AAR CORP. and Subsidiaries

Notes to Condensed Consolidated Financial Statements

November 30, 2010

(Unaudited)

(Dollars in thousands, except per share amounts)

Note 9 — Acquisitions

On April 7, 2010, we acquired Aviation Worldwide Services, a leading provider of expeditionary airlift services and aircraft modifications to the United States and other government customers. The purchase price was approximately $200,000 and was paid in cash.  We have made a preliminary purchase price allocation for the acquisition and expect to complete the purchase price allocation in March 2011.

Note 10 — Subsequent Event — Discontinued Operations

Subsequent to the close of the second quarter ended November 30, 2010, the Company concluded that it will exit its Amsterdam component repair facility, and is evaluating a number of strategic alternatives associated with the business unit, including the sale of the unit.

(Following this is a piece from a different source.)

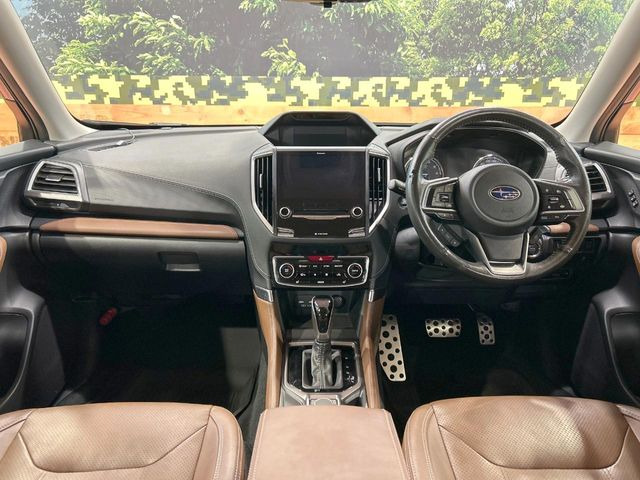 フォレスター2.0 アドバンス 4WD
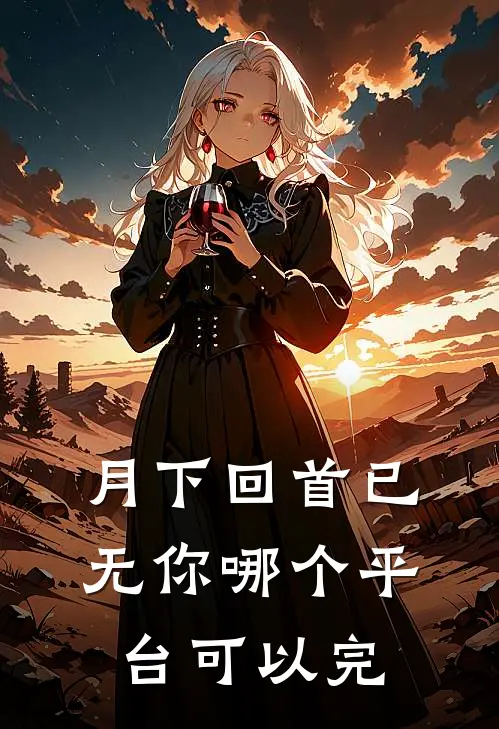 月下回首已无你哪个平台可以完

The unit operates in a high cost area of Europe and has lost money over the past several quarters.  For the six-month period ended November 30, 2010, sales and pre-tax loss for the Amsterdam facility were $14,336 and $2,602, respectively.  The aggregate carrying value of the unit is approximately $11,000 and we expect to recover the carrying value.  The Company expects to report this unit as a discontinued operation beginning with the third quarter of fiscal 2011.

Note 11 — Business Segment Information

We report our activities in four business segments: Aviation Supply Chain; Government and Defense Services; Maintenance, Repair and Overhaul; and Structures and Systems.  In fiscal 2010, we revised our segments to align with the way our Chief Executive Officer evaluates performance and the way we are internally organized.  Prior year information was revised to conform with our new segment presentation.

Sales in the Aviation Supply Chain segment are derived from the sale and lease of a wide variety of new, overhauled and repaired engine and airframe parts and components principally to the commercial aviation market.  We also offer customized inventory supply chain management programs.  Sales also include the sale and lease of commercial aircraft and jet engines and technical and advisory services.  Cost of sales consists principally of the cost of product, direct labor, overhead (primarily indirect labor, facility cost and insurance) and the cost of lease revenue (primarily depreciation and insurance).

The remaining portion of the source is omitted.